Time and again, the arbitration clause has been reiterated as an essential part of a contract to expedite resolution of disputes arising out of it. As per an EY survey titled ‘Emerging trends in arbitration in India’, the arbitration clause constitutes almost 95% of agreements between parties.
Karishma Vora, Barrister, 4-5 Gray’s Inn Square and dual qualified advocate, Bombay High Court, who was also a speaker highlighted some key points around exiting joint ventures and private equity investments, and issues related to potential breach of contract. She threw light on legal issues relating to termination of a contract on the grounds such as repudiatory breach of contract or rescission, considerations when drafting joint venture agreements and shared her practical experience on the difference in arbitration laws between the UK and India.

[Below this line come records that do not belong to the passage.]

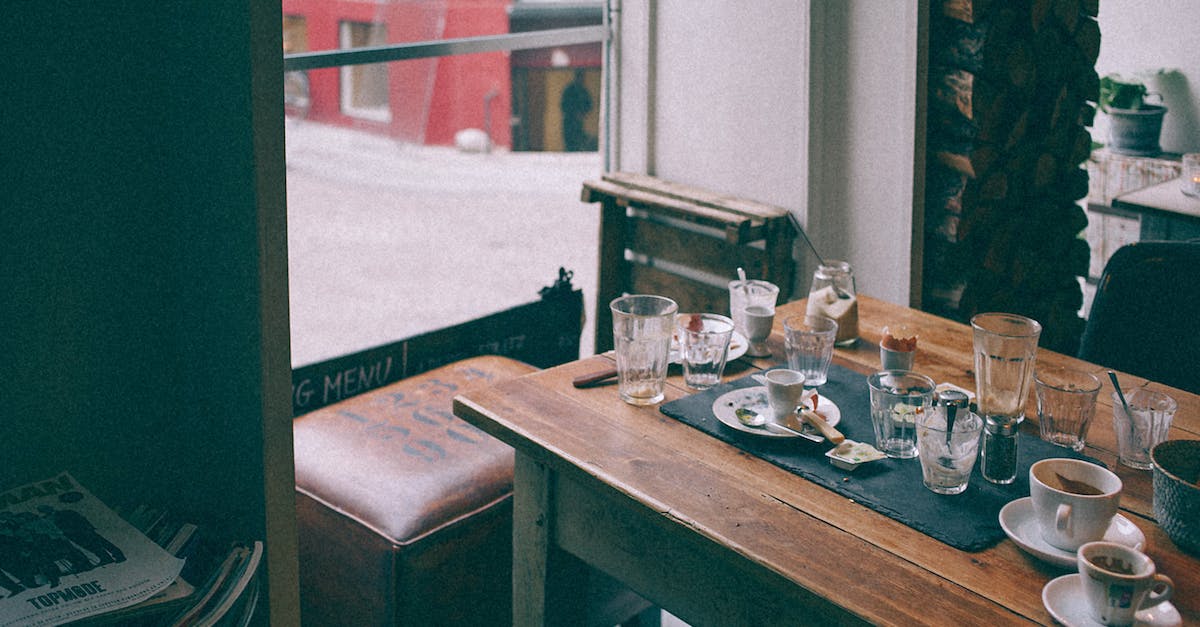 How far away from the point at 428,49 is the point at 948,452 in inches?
69.6

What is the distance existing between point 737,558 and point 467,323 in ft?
5.23

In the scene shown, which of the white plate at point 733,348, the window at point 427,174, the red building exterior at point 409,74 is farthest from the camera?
the red building exterior at point 409,74

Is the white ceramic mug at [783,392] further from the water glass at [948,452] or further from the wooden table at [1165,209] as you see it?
the wooden table at [1165,209]

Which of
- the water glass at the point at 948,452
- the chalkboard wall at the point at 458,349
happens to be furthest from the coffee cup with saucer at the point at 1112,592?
the chalkboard wall at the point at 458,349

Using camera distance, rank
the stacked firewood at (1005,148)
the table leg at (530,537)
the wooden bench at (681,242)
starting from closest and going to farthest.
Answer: the table leg at (530,537), the stacked firewood at (1005,148), the wooden bench at (681,242)

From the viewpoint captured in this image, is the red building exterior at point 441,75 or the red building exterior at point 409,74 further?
the red building exterior at point 441,75

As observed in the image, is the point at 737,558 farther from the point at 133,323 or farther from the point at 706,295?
the point at 706,295

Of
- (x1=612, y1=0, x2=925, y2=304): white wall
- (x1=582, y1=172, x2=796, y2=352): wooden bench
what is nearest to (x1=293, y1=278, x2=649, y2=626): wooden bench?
(x1=582, y1=172, x2=796, y2=352): wooden bench

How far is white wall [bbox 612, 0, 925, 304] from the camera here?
257 centimetres

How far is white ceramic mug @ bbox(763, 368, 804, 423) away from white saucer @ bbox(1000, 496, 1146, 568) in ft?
1.05

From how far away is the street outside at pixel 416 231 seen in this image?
161 inches

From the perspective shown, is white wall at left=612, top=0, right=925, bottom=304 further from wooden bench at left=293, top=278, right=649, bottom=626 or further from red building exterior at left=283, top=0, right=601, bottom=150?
red building exterior at left=283, top=0, right=601, bottom=150

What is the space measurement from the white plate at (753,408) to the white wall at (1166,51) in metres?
3.42

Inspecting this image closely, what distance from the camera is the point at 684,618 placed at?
51.9 inches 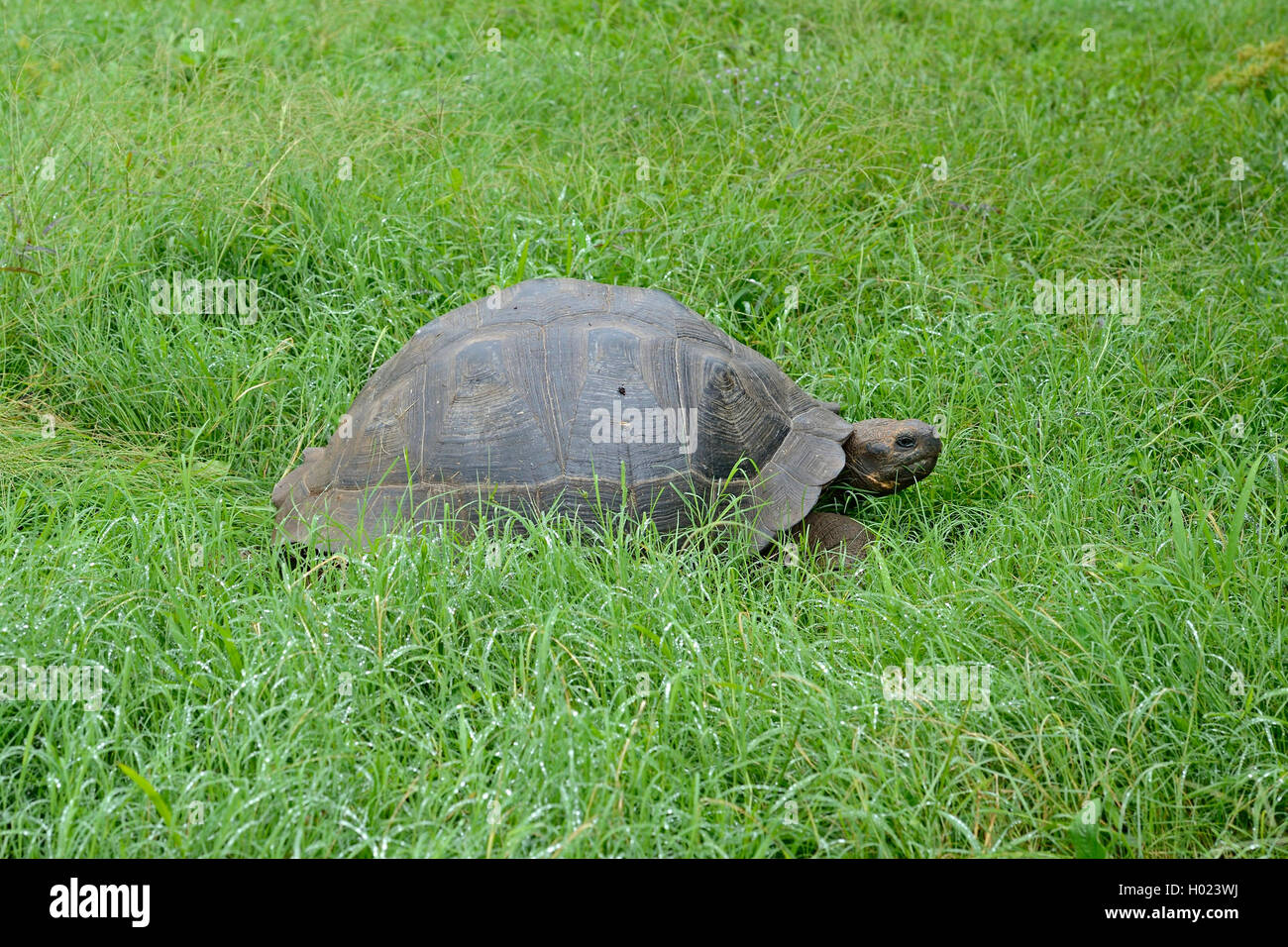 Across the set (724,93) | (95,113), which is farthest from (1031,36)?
(95,113)

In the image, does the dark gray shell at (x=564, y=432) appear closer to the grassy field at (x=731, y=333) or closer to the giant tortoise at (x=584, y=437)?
the giant tortoise at (x=584, y=437)

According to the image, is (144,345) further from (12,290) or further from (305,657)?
(305,657)

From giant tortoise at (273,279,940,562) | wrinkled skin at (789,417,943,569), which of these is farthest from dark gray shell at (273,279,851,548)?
wrinkled skin at (789,417,943,569)

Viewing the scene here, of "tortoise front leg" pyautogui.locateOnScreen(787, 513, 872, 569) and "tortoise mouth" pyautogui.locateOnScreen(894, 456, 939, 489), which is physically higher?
"tortoise mouth" pyautogui.locateOnScreen(894, 456, 939, 489)

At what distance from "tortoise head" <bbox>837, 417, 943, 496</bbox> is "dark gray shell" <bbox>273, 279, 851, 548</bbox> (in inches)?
3.7

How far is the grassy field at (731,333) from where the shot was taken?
89.4 inches

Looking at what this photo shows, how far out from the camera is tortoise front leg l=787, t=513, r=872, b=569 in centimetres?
355

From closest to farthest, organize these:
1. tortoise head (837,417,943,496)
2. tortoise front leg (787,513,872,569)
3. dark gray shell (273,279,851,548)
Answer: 1. dark gray shell (273,279,851,548)
2. tortoise front leg (787,513,872,569)
3. tortoise head (837,417,943,496)

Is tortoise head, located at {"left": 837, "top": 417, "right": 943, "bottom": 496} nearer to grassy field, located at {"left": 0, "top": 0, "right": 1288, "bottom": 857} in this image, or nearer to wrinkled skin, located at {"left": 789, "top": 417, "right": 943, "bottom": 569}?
wrinkled skin, located at {"left": 789, "top": 417, "right": 943, "bottom": 569}

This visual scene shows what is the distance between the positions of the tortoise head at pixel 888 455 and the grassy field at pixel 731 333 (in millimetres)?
152

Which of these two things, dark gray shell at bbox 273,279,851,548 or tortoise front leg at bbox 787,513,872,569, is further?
tortoise front leg at bbox 787,513,872,569

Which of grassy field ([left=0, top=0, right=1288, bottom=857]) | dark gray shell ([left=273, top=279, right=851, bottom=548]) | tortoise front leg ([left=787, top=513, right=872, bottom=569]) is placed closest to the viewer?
grassy field ([left=0, top=0, right=1288, bottom=857])

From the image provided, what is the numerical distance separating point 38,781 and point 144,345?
7.91 feet

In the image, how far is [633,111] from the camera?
19.5 feet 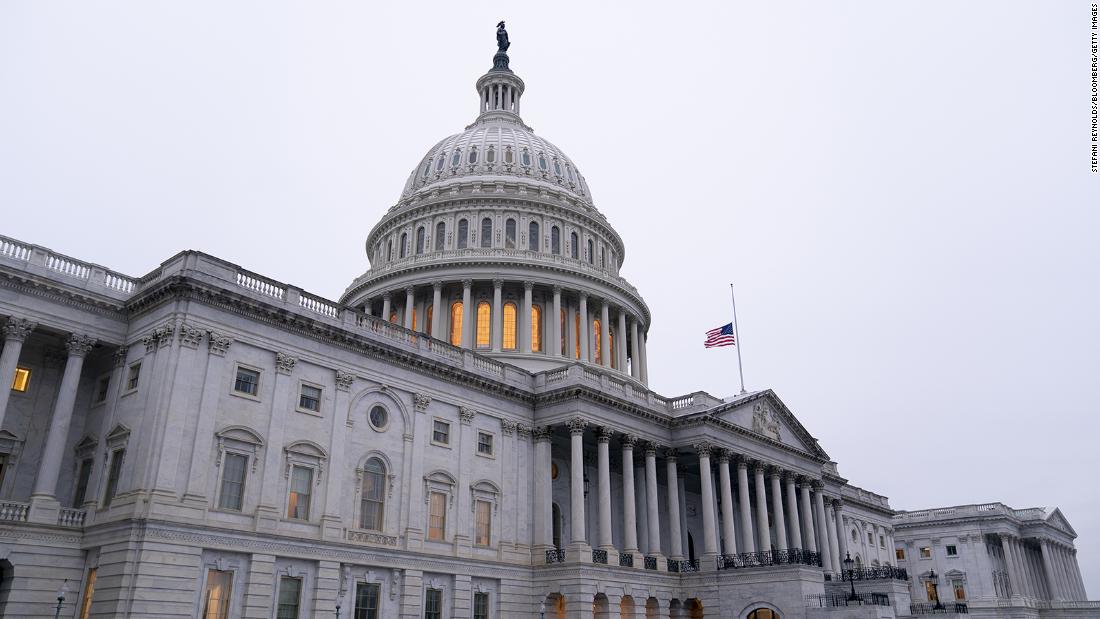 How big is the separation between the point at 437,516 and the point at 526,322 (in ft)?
77.2

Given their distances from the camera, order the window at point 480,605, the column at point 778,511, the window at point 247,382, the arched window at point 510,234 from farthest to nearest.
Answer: the arched window at point 510,234 → the column at point 778,511 → the window at point 480,605 → the window at point 247,382

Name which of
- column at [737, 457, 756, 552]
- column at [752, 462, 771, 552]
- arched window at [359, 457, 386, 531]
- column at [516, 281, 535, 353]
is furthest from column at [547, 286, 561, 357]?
arched window at [359, 457, 386, 531]

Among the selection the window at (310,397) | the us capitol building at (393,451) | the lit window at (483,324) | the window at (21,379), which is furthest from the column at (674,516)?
the window at (21,379)

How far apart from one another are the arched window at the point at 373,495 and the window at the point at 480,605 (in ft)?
22.3

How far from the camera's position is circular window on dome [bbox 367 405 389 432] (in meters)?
40.7

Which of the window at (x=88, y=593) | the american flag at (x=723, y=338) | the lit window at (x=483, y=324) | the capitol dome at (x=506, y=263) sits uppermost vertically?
the capitol dome at (x=506, y=263)

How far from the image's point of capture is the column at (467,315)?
62500mm

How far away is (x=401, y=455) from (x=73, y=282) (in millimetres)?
16100

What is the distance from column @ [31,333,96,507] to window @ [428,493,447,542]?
53.1 ft

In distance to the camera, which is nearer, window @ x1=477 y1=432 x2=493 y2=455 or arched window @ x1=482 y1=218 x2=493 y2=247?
window @ x1=477 y1=432 x2=493 y2=455

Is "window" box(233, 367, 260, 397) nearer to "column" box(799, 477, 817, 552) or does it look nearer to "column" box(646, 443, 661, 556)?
"column" box(646, 443, 661, 556)

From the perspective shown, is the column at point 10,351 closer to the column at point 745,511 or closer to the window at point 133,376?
the window at point 133,376

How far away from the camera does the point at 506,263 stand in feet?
212

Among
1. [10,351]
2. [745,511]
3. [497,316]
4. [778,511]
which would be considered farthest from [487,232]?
[10,351] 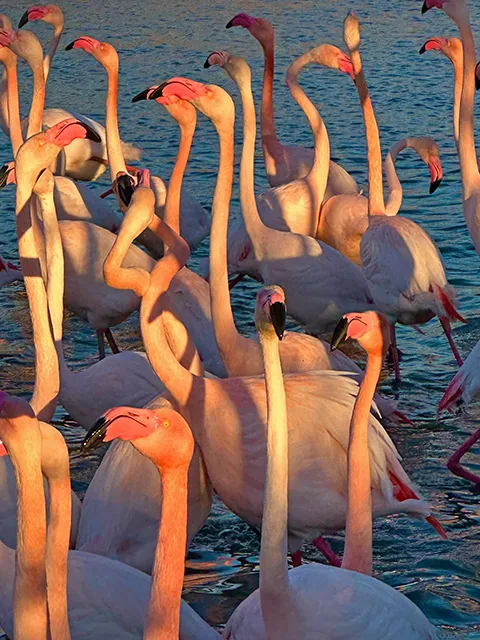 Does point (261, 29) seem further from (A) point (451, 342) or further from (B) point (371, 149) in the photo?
(A) point (451, 342)

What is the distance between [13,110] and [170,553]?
3.88 metres

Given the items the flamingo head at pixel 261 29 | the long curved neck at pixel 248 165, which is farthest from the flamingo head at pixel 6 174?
the flamingo head at pixel 261 29

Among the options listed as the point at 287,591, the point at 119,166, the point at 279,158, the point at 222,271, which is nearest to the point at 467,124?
the point at 279,158

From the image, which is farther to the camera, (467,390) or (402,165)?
(402,165)

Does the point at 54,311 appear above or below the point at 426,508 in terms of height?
above

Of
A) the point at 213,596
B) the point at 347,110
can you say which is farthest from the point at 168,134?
the point at 213,596

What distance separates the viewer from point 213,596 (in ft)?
14.4

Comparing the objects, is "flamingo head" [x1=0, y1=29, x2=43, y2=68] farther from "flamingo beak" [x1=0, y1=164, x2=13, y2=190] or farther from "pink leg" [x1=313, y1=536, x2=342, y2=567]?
"pink leg" [x1=313, y1=536, x2=342, y2=567]

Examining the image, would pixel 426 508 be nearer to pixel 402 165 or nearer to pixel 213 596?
pixel 213 596

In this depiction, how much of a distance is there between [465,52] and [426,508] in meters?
3.55

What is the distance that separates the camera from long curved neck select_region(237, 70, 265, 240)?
555cm

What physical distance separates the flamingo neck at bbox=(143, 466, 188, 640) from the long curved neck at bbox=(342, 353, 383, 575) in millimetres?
832

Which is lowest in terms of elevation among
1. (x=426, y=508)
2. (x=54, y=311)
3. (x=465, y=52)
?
(x=426, y=508)

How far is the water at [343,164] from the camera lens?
457cm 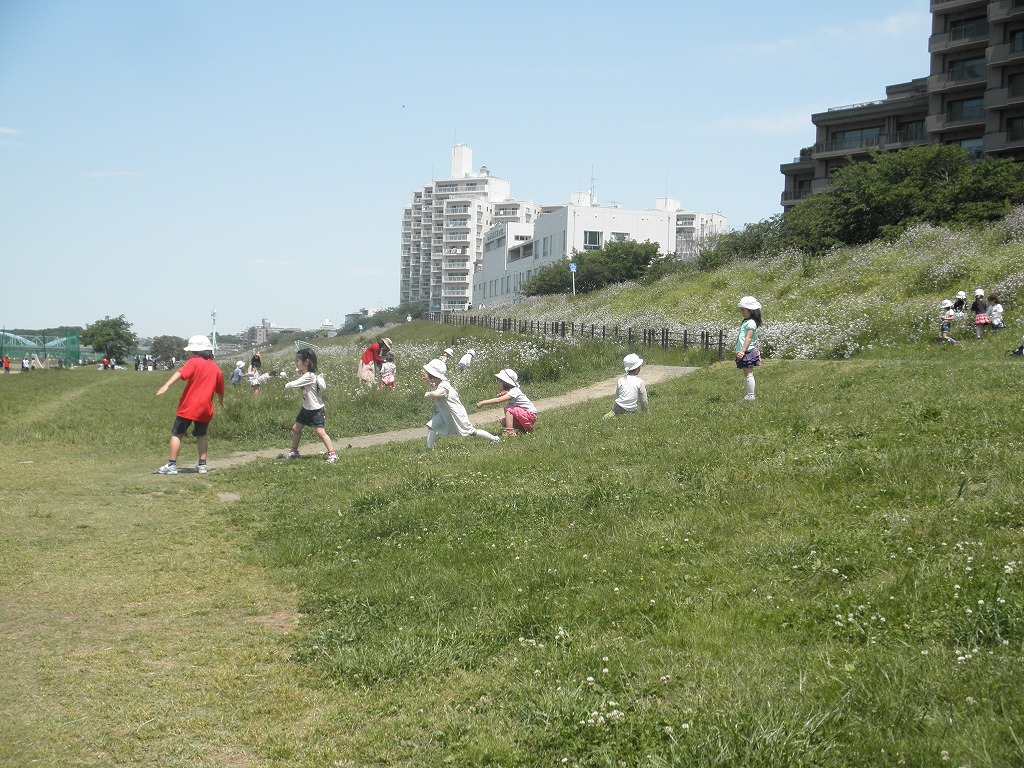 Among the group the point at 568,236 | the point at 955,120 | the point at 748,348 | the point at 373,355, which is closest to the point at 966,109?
the point at 955,120

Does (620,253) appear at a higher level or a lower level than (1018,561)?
higher

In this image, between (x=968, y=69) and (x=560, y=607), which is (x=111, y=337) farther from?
(x=560, y=607)

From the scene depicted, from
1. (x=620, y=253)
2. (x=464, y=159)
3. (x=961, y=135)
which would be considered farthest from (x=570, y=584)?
(x=464, y=159)

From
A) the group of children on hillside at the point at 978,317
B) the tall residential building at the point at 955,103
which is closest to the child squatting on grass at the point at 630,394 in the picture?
the group of children on hillside at the point at 978,317

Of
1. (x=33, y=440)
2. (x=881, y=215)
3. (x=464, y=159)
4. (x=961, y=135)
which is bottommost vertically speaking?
(x=33, y=440)

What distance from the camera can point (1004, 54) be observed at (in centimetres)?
4725

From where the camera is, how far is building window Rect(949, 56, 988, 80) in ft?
166

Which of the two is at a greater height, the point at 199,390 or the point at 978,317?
the point at 978,317

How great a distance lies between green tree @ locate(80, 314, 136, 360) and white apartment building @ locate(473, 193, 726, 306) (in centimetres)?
4001

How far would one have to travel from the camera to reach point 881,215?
1523 inches

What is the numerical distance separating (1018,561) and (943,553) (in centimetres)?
43

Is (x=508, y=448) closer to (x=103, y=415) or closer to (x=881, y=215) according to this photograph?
(x=103, y=415)

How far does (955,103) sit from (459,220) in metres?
107

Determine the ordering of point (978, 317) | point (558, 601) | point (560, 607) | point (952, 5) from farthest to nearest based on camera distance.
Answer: point (952, 5), point (978, 317), point (558, 601), point (560, 607) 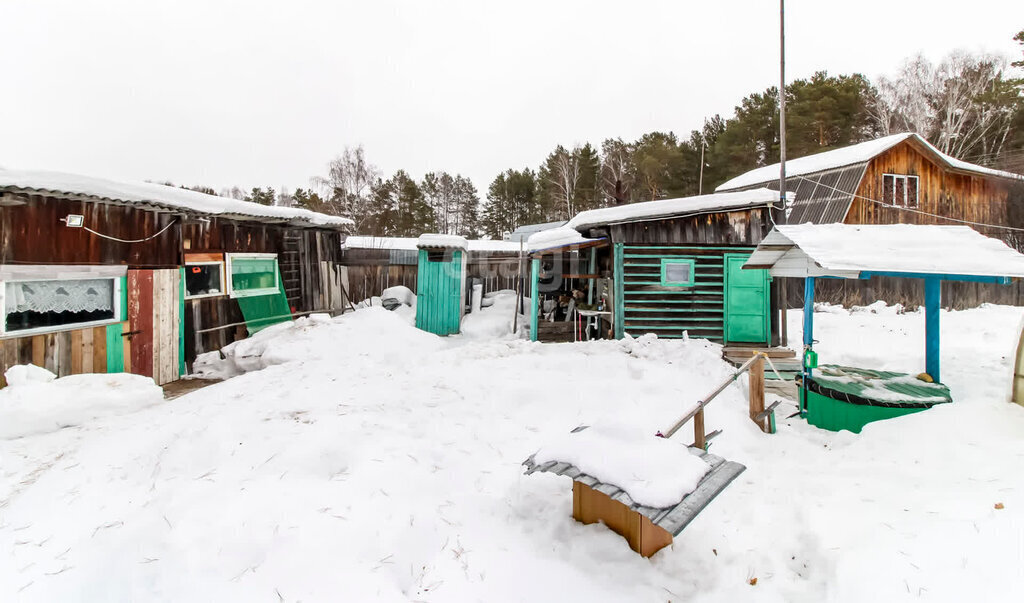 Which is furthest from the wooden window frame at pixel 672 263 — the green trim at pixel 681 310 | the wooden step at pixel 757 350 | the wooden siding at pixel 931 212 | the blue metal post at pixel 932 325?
the wooden siding at pixel 931 212

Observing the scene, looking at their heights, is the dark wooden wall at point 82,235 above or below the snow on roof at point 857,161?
below

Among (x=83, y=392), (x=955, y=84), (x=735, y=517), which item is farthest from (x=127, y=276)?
(x=955, y=84)

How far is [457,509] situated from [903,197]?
2269 cm

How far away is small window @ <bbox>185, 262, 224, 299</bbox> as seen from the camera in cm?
808

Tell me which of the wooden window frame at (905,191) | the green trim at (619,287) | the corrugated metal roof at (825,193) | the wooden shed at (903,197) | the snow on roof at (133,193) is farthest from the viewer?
the wooden window frame at (905,191)

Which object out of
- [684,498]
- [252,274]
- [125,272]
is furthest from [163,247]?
[684,498]

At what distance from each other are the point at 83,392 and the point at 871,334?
1529 centimetres

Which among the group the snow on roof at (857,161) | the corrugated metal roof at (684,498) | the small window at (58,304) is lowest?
the corrugated metal roof at (684,498)

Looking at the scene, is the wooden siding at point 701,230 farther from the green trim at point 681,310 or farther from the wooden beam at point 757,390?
the wooden beam at point 757,390

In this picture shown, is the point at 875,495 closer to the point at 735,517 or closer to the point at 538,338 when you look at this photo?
the point at 735,517

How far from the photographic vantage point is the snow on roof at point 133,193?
5.43 meters

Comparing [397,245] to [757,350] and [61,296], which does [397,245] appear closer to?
[61,296]

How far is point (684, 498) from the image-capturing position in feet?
8.09

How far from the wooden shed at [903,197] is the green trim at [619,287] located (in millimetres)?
10852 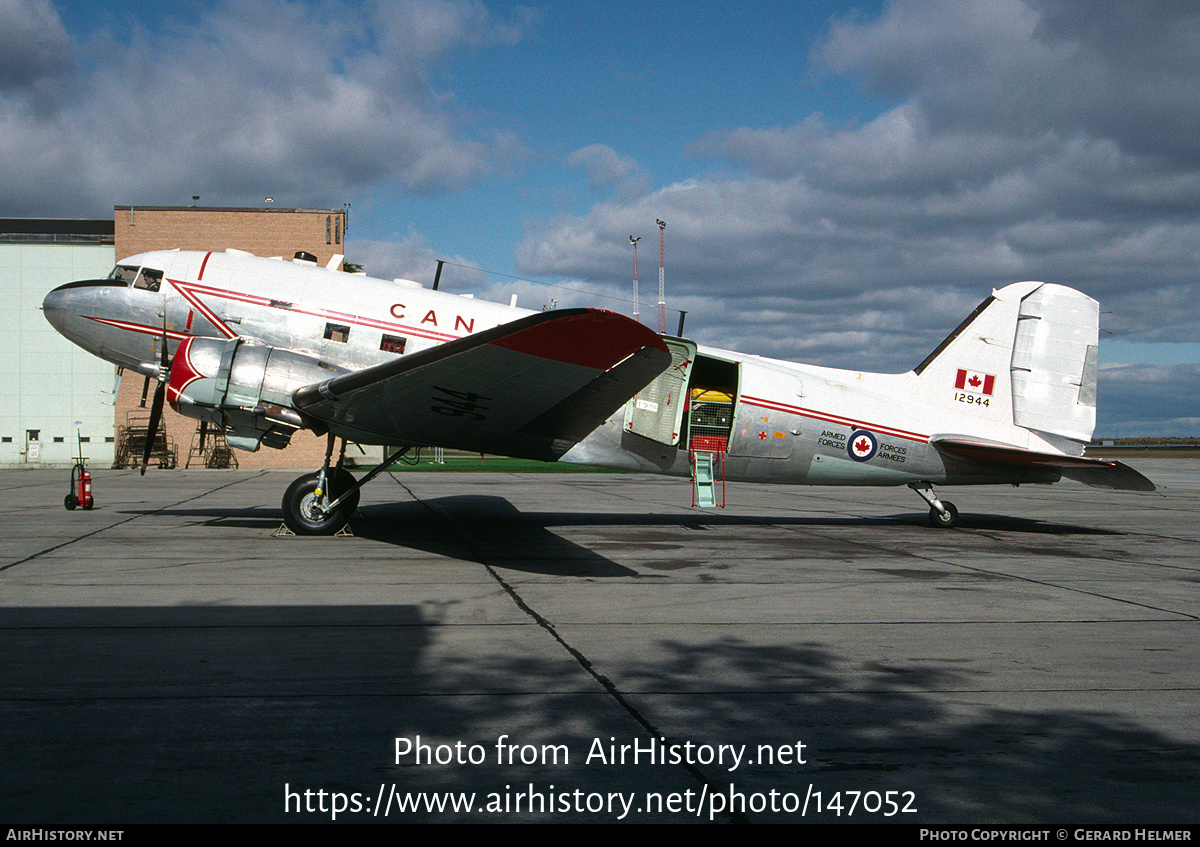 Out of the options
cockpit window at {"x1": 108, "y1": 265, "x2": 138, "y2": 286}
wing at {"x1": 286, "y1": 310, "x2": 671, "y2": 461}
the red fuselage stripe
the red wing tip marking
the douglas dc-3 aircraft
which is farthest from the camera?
the red fuselage stripe

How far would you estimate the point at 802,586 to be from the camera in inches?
363

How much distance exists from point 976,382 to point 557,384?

Arbitration works on the principle of impartiality of the arbitrators. The past year saw a surge in cross-border transactions in the country. Thus, the amendments made to the act is a step in that direction, which will promote business in India, thereby increasing investor confidence. In such pressing times, it is important for arbitration to follow cost- effective processes to bring Indian laws at par with international standards.